Top of Provided records

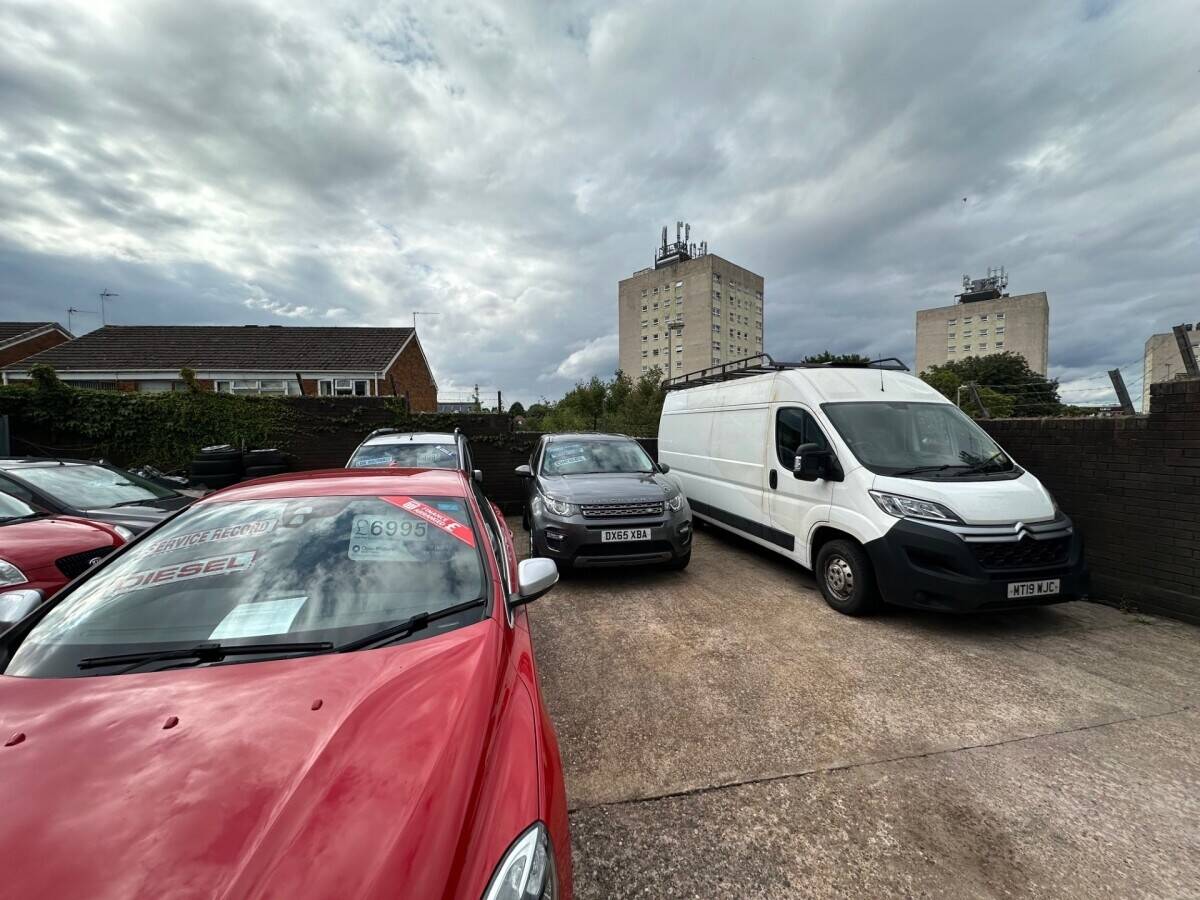 CAR SALES BUSINESS INCLUDING FREEHOLD/ DEPOSIT WITH OPTION TO PURCHASE AFTER RENTALPERIOD POSSIBLE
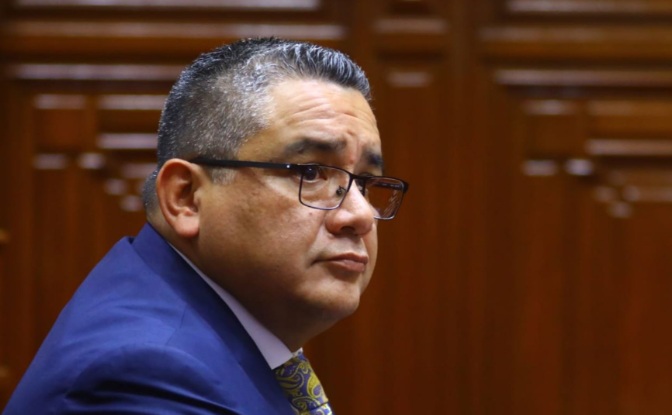 PJ dicta impedimento de salida por 18 meses contra exministro Santiváñez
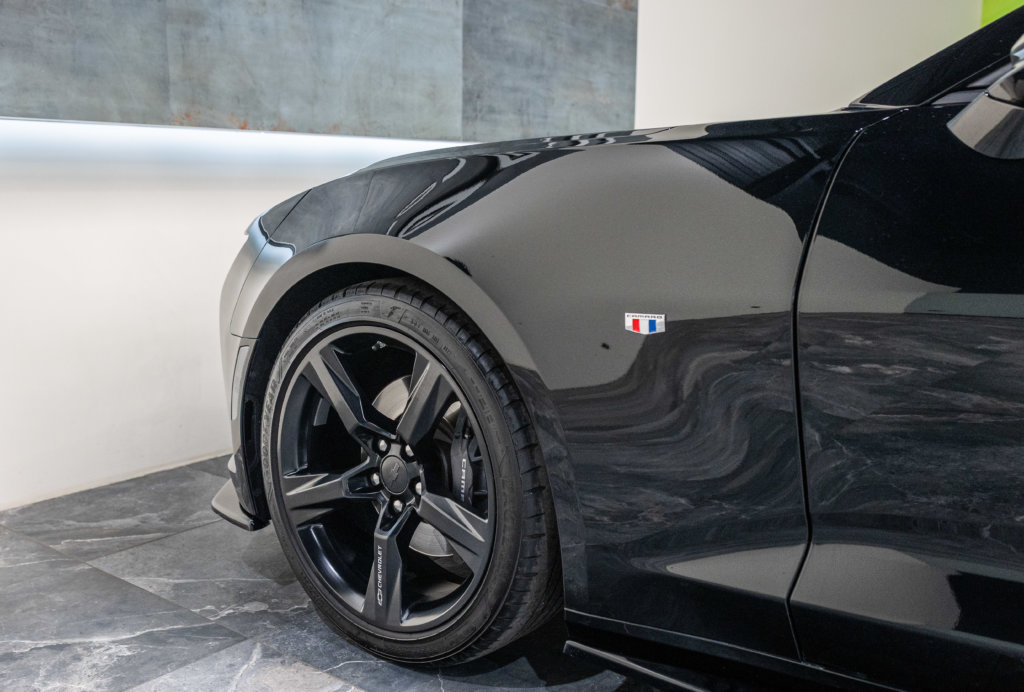 Camaro 6 Noir Cab Maxton Interieur 14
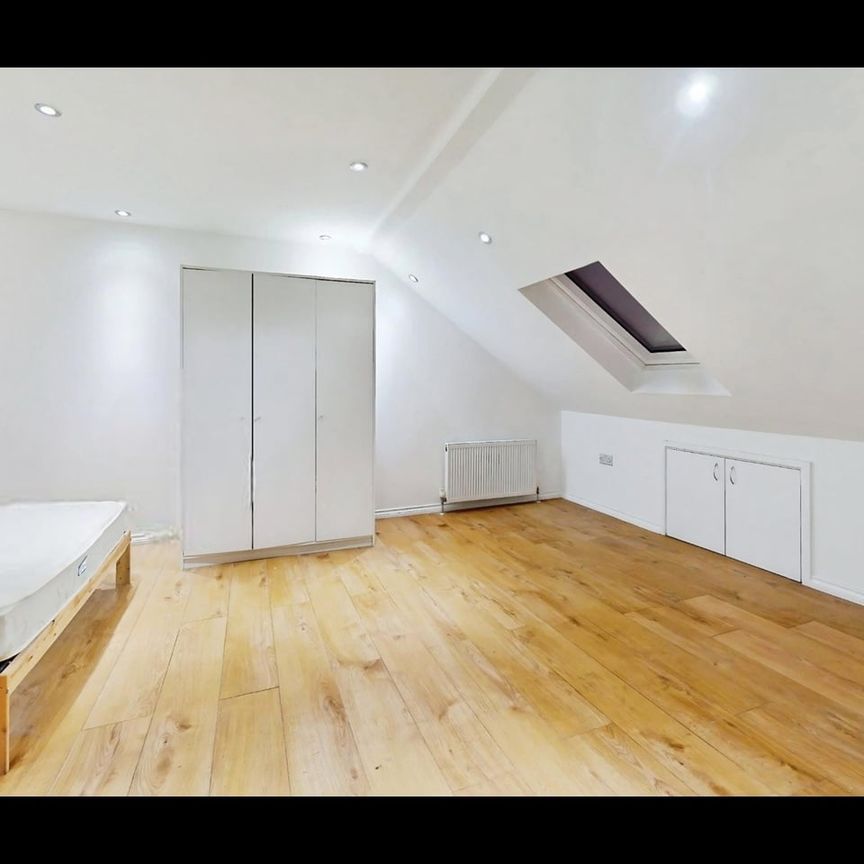 2 Bed Maisonette, North Gardens, SW19 - Photo 1
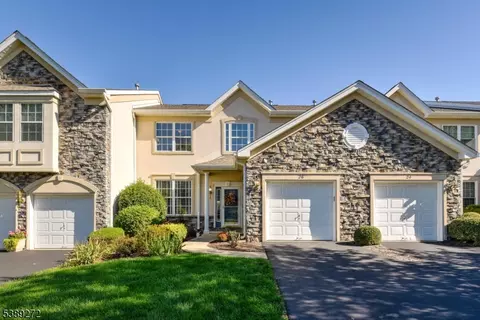 26 Ebersohl Cir, Whitehouse Station, NJ 08889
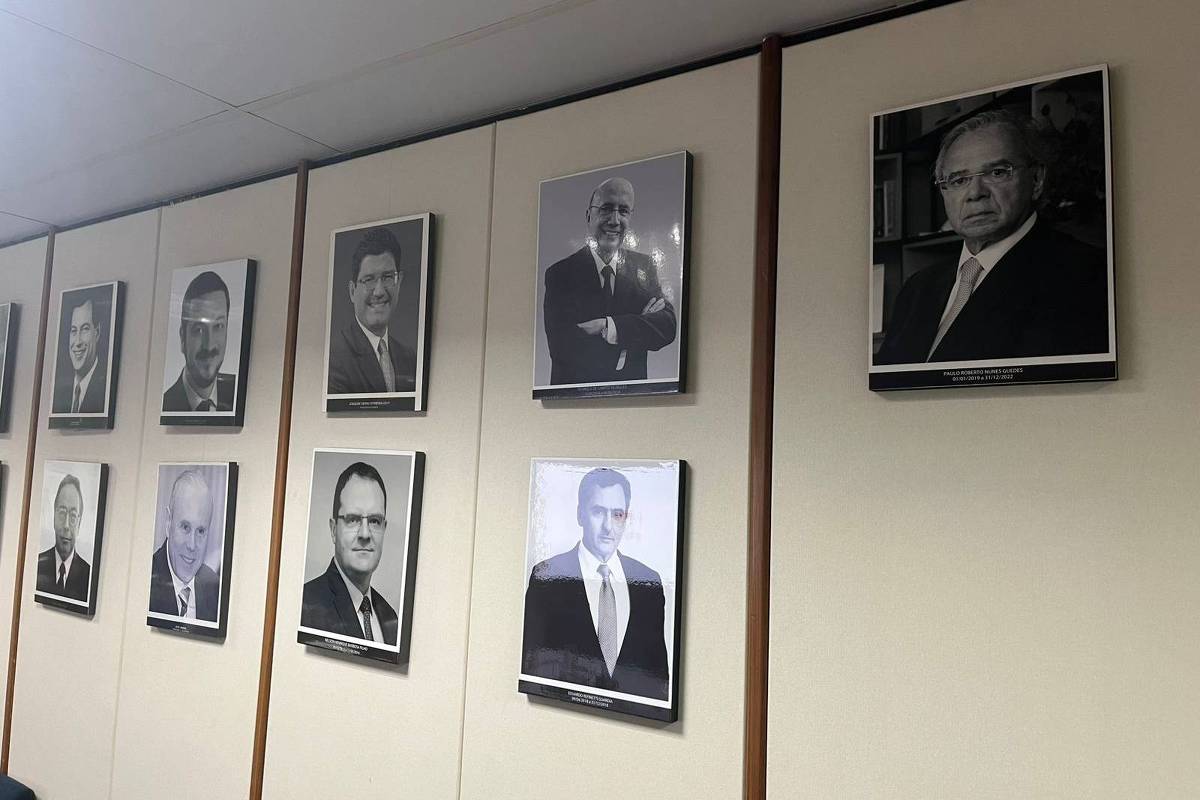 Ministério da Fazenda homenageia Paulo Guedes com foto na galeria de ex-titulares Foto do ex-ministro Paulo Guedes (à dir.) na galeria de ex-titulares da pasta, na sede do ministério, em Brasília (Foto: Idiana Tomazelli/Folhapress)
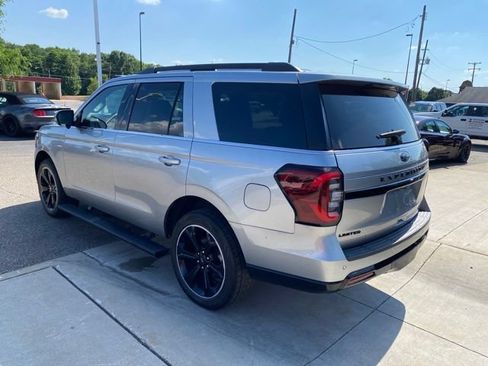 Used 2023 Ford Expedition Limited AWD/4WD image 10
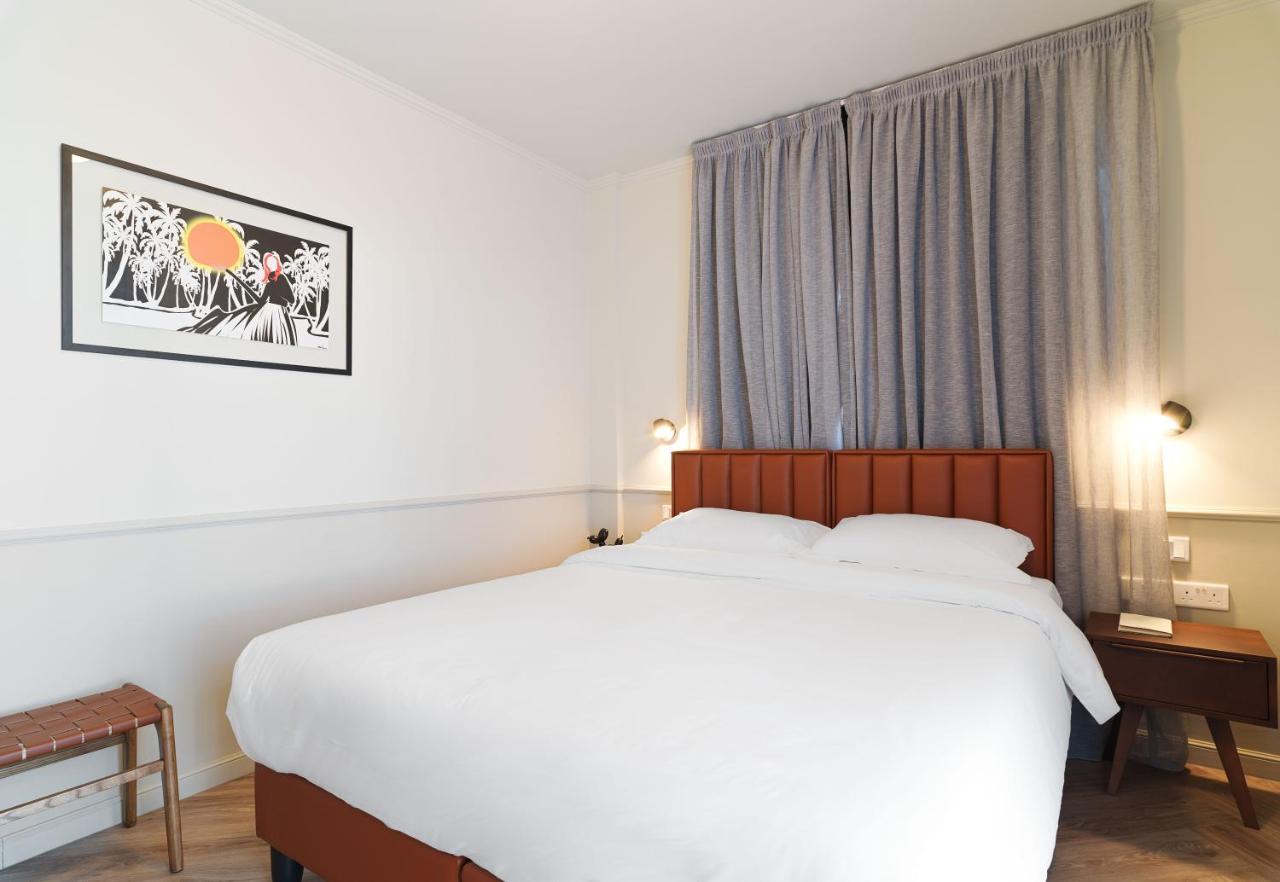 Liv The City Suites Adults Only Larnaca Bagian luar foto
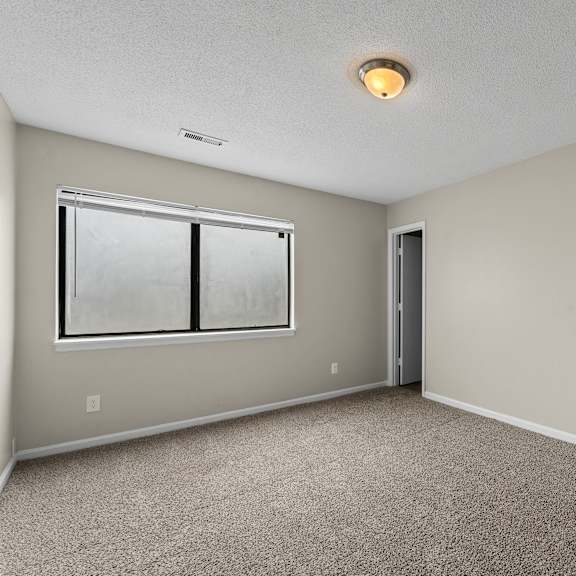 Spacious unfurnished room at Central Oaks Apartments, Summerville, SC, 29483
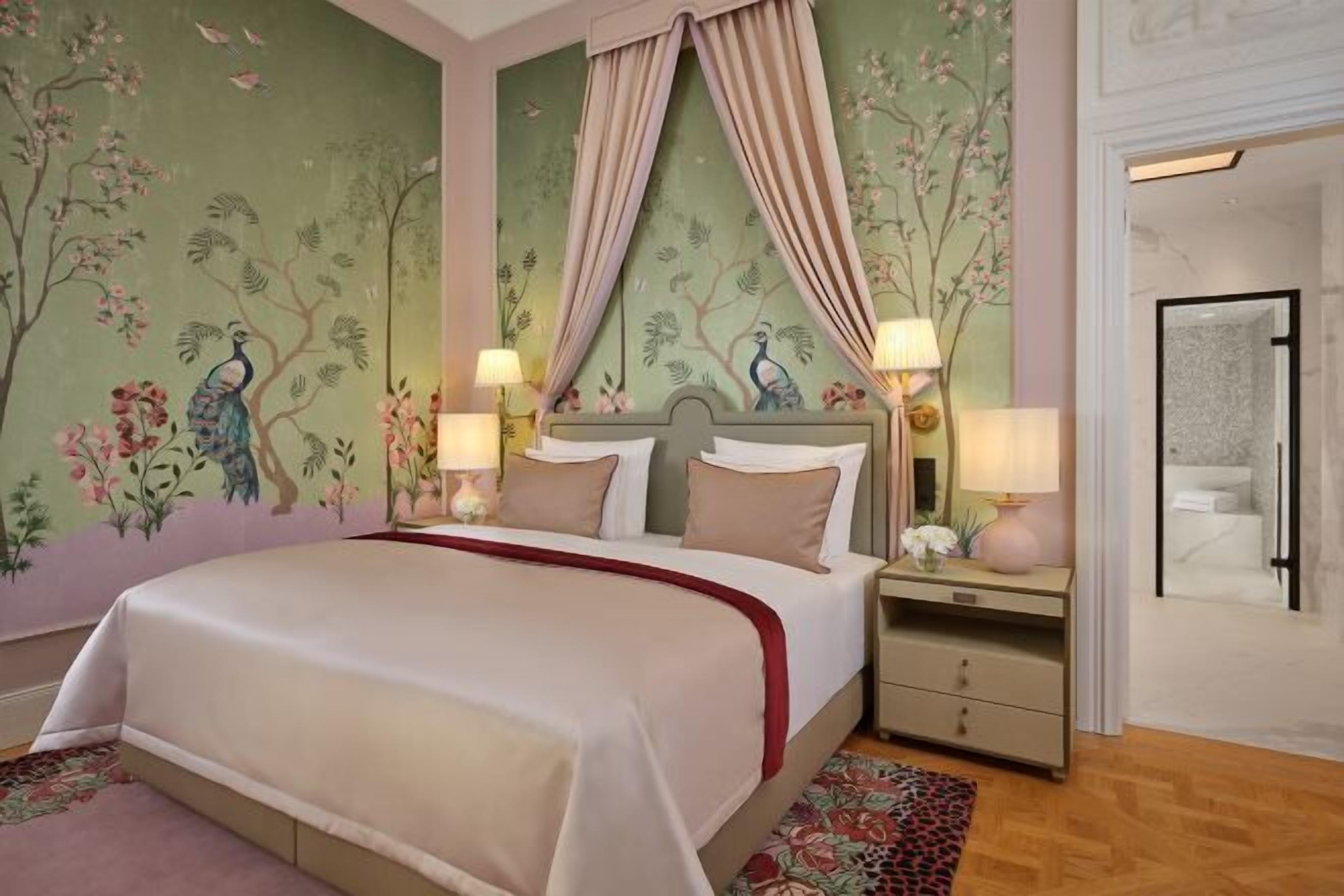 Premium bedding, down comforters, minibar, in-room safe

Bottom of Provided records

What to do >> Needed here is only the span from the line with "Ministério da Fazenda" through the last line of the entries, copied exactly with both ends and without pictures.

Response for this exercise >>
 Ministério da Fazenda homenageia Paulo Guedes com foto na galeria de ex-titulares Foto do ex-ministro Paulo Guedes (à dir.) na galeria de ex-titulares da pasta, na sede do ministério, em Brasília (Foto: Idiana Tomazelli/Folhapress)
 Used 2023 Ford Expedition Limited AWD/4WD image 10
 Liv The City Suites Adults Only Larnaca Bagian luar foto
 Spacious unfurnished room at Central Oaks Apartments, Summerville, SC, 29483
 Premium bedding, down comforters, minibar, in-room safe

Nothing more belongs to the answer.